First up the minimax algorithm if applied naively has to calculate the best play (in a minimax sense) for each board position that you could possibly run into in the future. Alpha beta-pruning helps cut back on unnecessary computations because if you know you are never going to play a certain move then you don't need to compute the value of playing that move.
With some games the best play on a given board can be determined entirely by the state of the board at that moment in time. Chess is like this, so is go and so are a few other games. The key realization is that how you got to a particular game state doesn't really matter (from a minimax point of view) once you have arrived at that state.
Specifically a transposition in the chess sense of the word is what happens when you take 2 different paths of moves to get from a starting position to an ending position.
Transposition tables just let you optimize calculating the best move when you encounter situations where different plays results in the board being the in same end state. Essentially once you get to one specific board position you just store the result of your minimax calculation at that position in the transposition table. This means that later on if some other different list of moves arrives at the same board then all of a sudden you don't need to completely recalculate the minimax at that board because you've already done that and you can just look it up from the transposition table.
So if there are multiple ways the players can play that arrives at the same board position you don't need to duplicate looking down that branch of the game tree more than once if you are able to save the results of that calculation somehow. To do this efficiently you need to be able to efficiently represent a board position then have some data structure that allows you to look up that board position quickly in the transposition table. Finding the right representation will depend heavily on what game you are analyzing.
If connect6 is this game perhaps an example would be good:
Say the board starts like this (position A):
X 0
0 X
There's more than one set of moves that get you to (position B):
X 0 0 0
0 X X X
0 X
Say there's n ways of going from position A to position B, if you went about this naively you might have to test to find the best move at position B up to n times (depending on which branches of the tree alpha-beta prunes off). But really it would be great if we didn't have to do the exact same computation multiple times for the B board position, once would hopefully be enough!
What you have to do to leverage this idea is find a way of representing a connect 6 board position. One way we could represent the board is just to have a N by N
array where N
is the board dimension and just store an enum value for each cell that corresponds to if it's empty, has an X
in it or has a 0
in it. However this naive approach doesn't have great properties for looking up positions because we'd always be passing around these nasty N by N
arrays. Not to mention that having to always store a lot of these N by N
arrays would take a lot of memory.
So if we can define a hash function that takes the N by N
board and maps it to an almost unique integer without a ton of processing overhead then we can streamline this process. Hashing a board and seeing if it's in the table should hopefully be quicker this way.
So this is why people try to make a hashing function for the specific game they are analyzing. For connect 6 I have no idea what the best hashing function is, that's something you would have to work out.
Getting the best performance out of something like this takes a whole bunch of tinkering but hopefully this post has given you some ideas. Please comment if you would like me to expand on anything.
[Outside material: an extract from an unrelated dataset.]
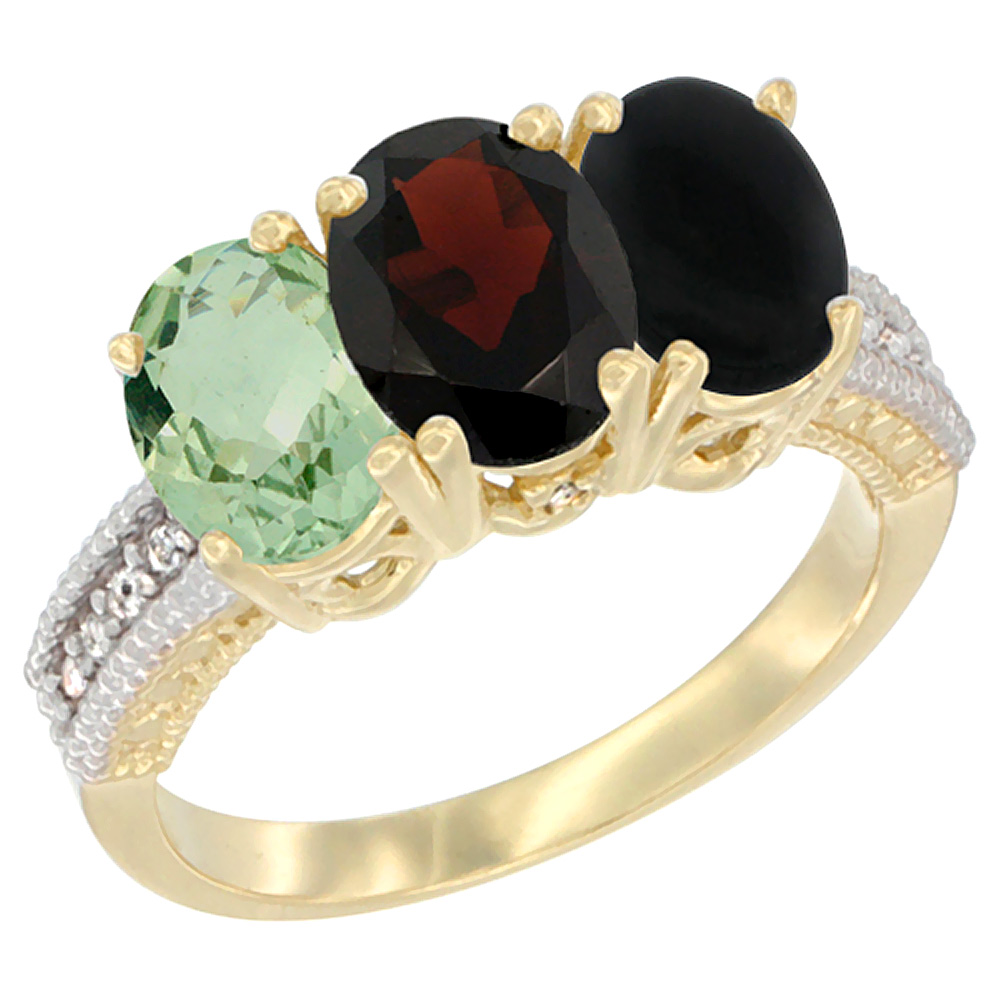 10K Yellow Gold Diamond Natural Green Amethyst, Garnet & Black Onyx Ring 3-Stone Oval 7x5 mm, sizes 5 - 10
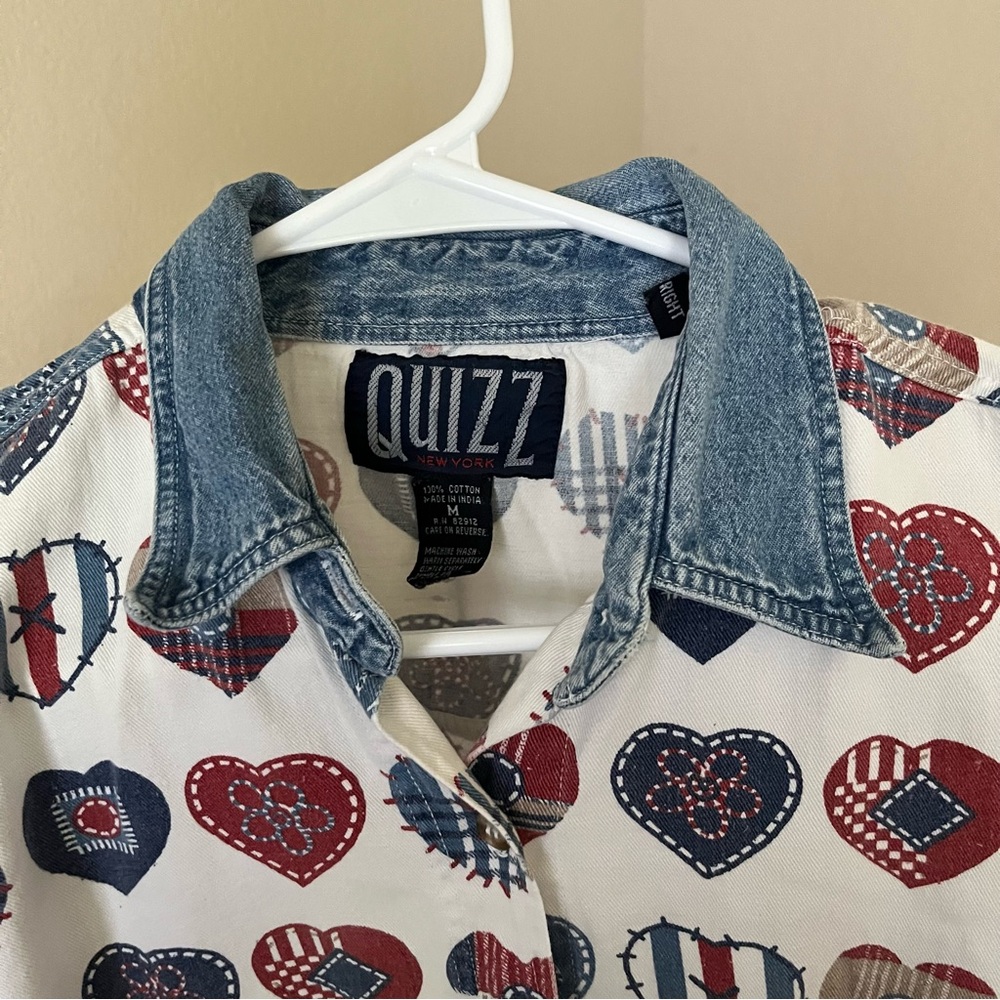 Quizz Denim New York Patchwork Heart short sleeve button down 100% cotton sz M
This MediocreChess article explains transposition tables in details. The Zobrist algorithm is very simple to create transposition tables.
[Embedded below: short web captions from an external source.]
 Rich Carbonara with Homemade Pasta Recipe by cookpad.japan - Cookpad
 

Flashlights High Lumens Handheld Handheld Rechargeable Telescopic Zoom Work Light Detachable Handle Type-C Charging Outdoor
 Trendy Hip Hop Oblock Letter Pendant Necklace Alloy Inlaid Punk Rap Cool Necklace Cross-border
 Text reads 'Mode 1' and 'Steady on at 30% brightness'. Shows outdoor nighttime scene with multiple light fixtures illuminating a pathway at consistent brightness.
The zobrist system in two words :
It's a very good system which allows removal of a piece ! you only have to XOR the same number again. It's really usefull for negamax/alpha-beta algorithms because we have to change/restore state a lot of times. It is easy to maintain a Zobrist key up-to-date.
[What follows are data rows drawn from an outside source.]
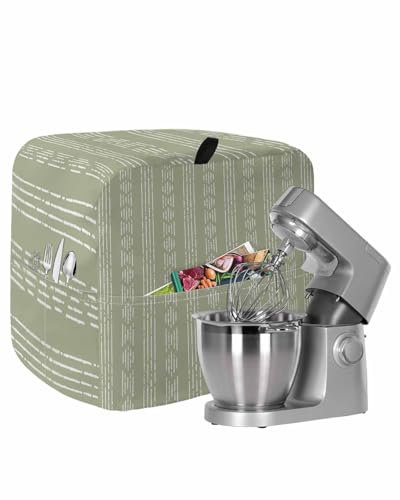 Spring Stand Mixer Dust Proof Cover with Pocket, Sage Green White Lines Vintage Texture Home Decor Waterproof Farmhouse Kitchen Accessories for Stand Mixer Coffee Maker Bread Maker 6-8 Quart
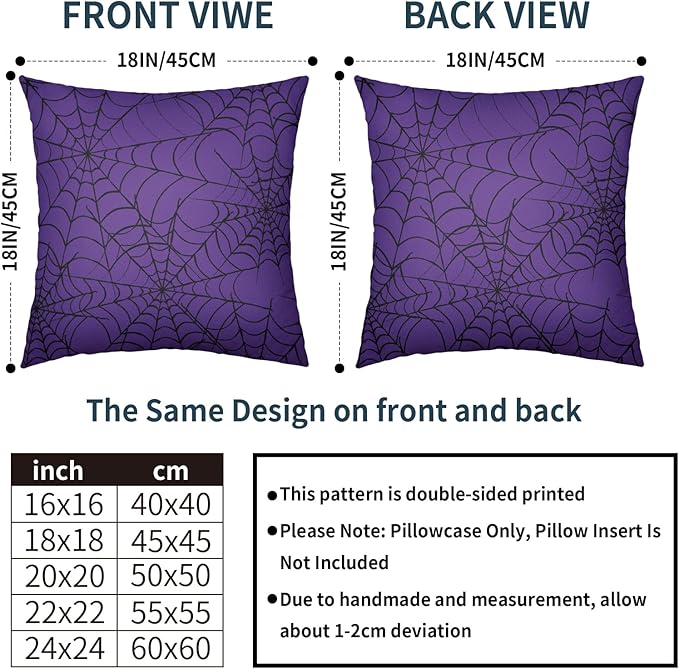 Purple Halloween Spiderweb Pillow Covers 20x20 Set of 2 Black Web Outdoor Decorative Throw Pillows Halloween Scary Themed Farmhouse Pillowcases Linen Cushion Case Decor for Home Sofa Couch Bed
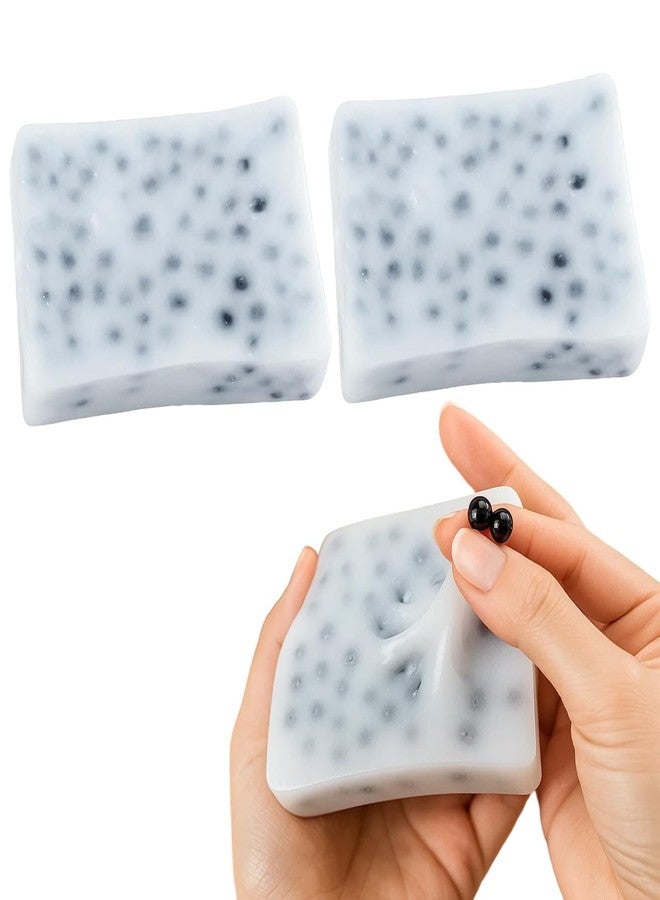 قطعتان من لعبة إزالة البثور، لعبة حسية لتخفيف التوتر، مصنوعة من مادة TPR ناعمة لإزالة البثور وتخفيف القلق، مناسبة للمكتب والسفر (أبيض) - Image 1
The system of transposition table is :
But you'll probably don't want to store 2^32 or 2^64 entries, so you take a "hash" of the Zobrist key to limit entries of the transposition table, let's say 16 bits for 2^16 game positions (in reality it's probably >=2^20). To obtain this hash, a simple method is to "modulo" the zobrist key, or do a "binary and" :
transposition table index = zobrist_key & 0xFFFF
You obtain an integer between 0 and 2^16-1, this is your index in the transposition table! Of course, we can encounter collisions, so we could store the full zobrist key in the transposition table.
Let's summarize :
So for a Connect 6, you have 2 stone colors, and let's say 59x59 positions, so you have to create an array of 59x59x2 = 6962 random numbers. To encode a game position in a Zobrist key, take each stone, and for its colour and its position, take the number you generated and XOR them together. Reduce your Zobrist Key to an index (hash, binary "and", ...), and store your data at this index in your transposition table.